=== Begin Enclosure ===

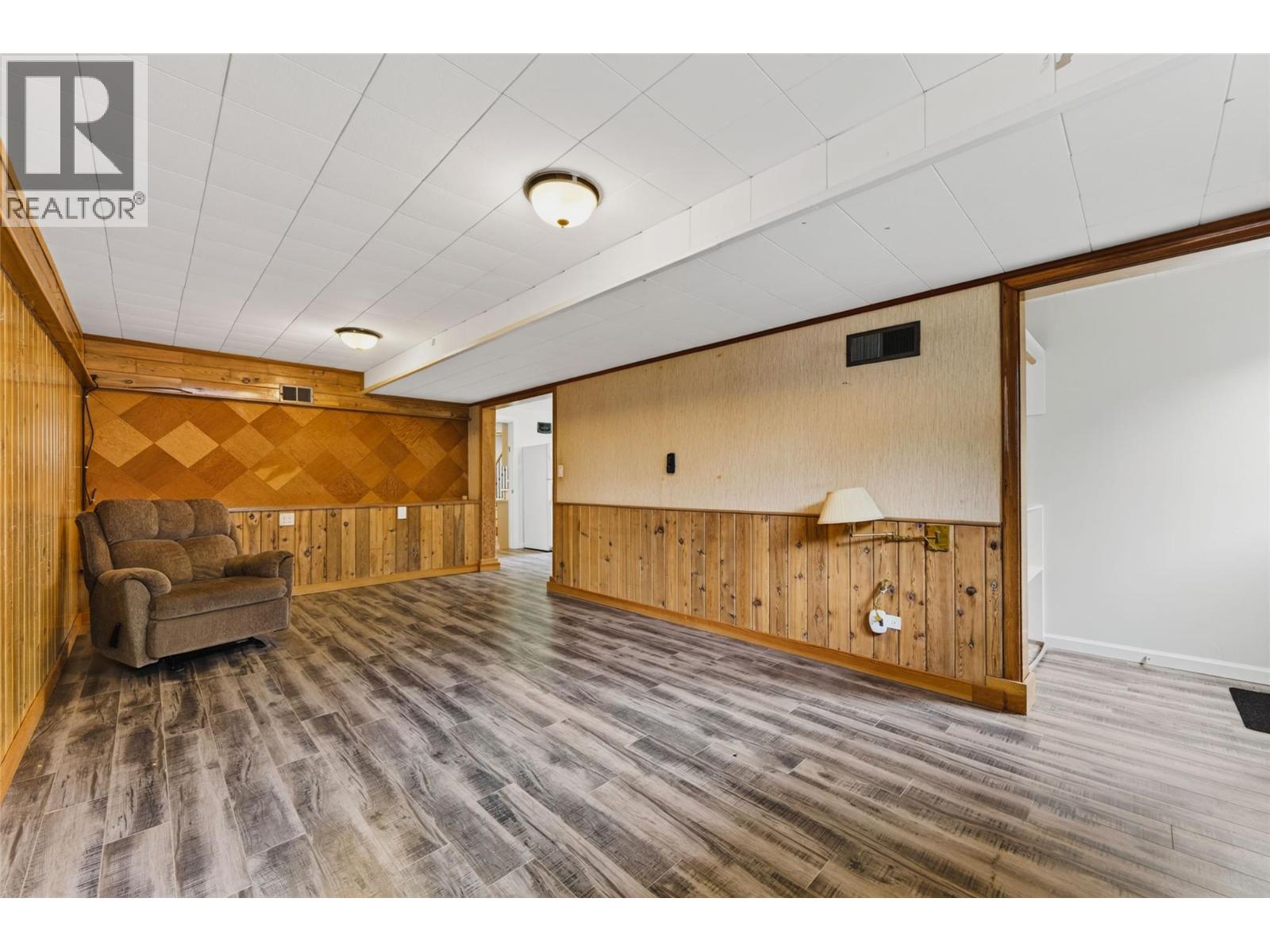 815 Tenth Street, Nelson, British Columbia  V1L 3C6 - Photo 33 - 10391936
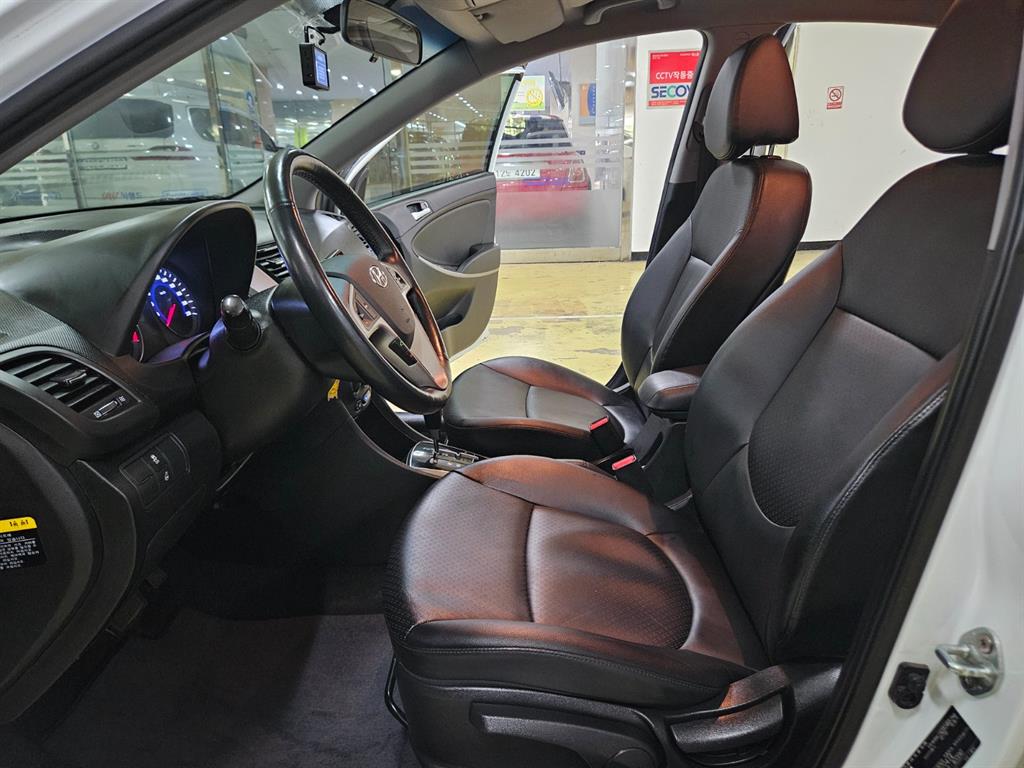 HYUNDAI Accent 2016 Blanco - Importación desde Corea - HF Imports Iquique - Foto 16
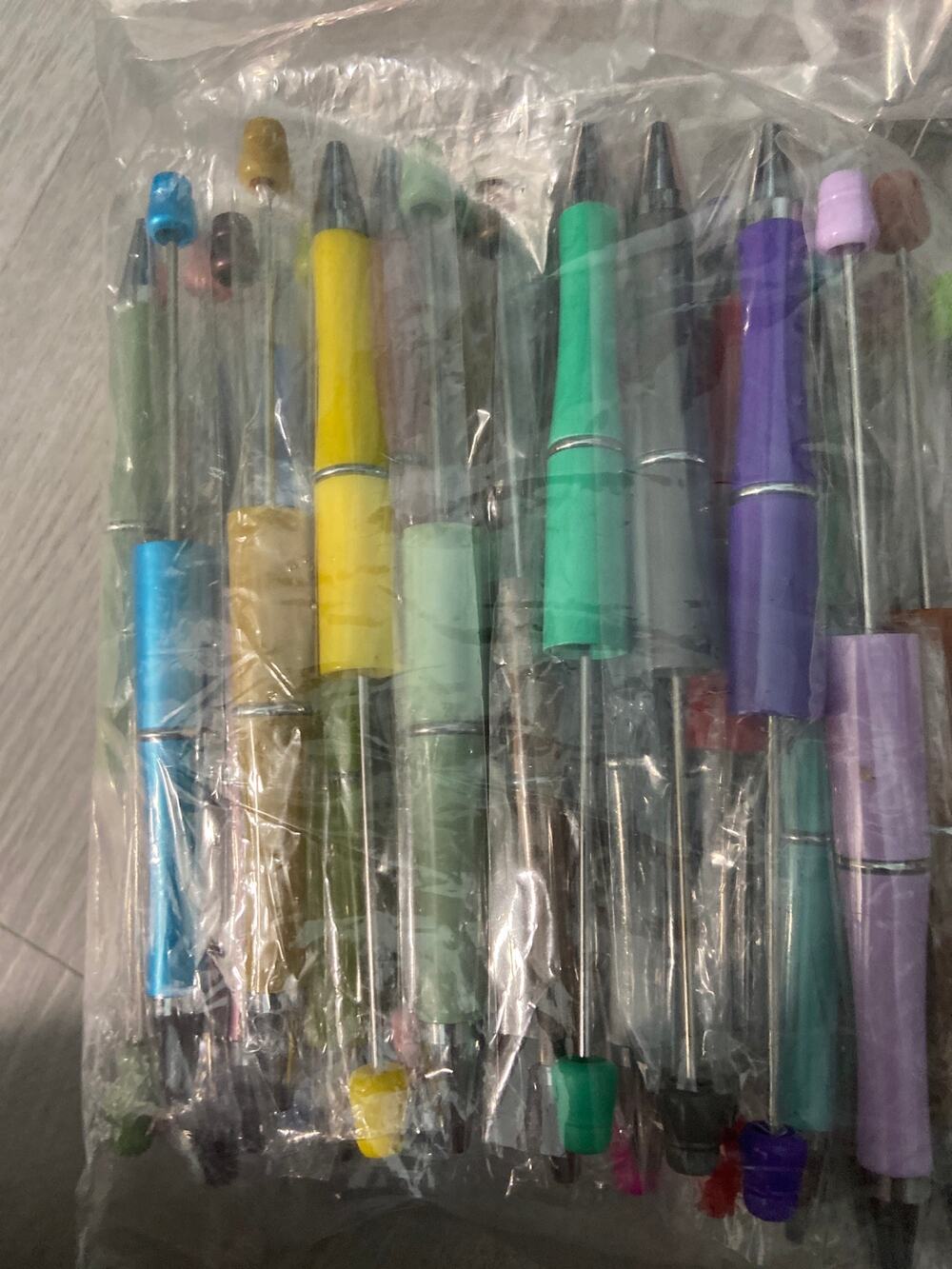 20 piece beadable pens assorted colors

=== End Enclosure ===

> [What the task asks] Transcribe the whole listing exactly. Pictures stay out of your copy.

> [Response to this task]
 815 Tenth Street, Nelson, British Columbia  V1L 3C6 - Photo 33 - 10391936
 HYUNDAI Accent 2016 Blanco - Importación desde Corea - HF Imports Iquique - Foto 16
 20 piece beadable pens assorted colors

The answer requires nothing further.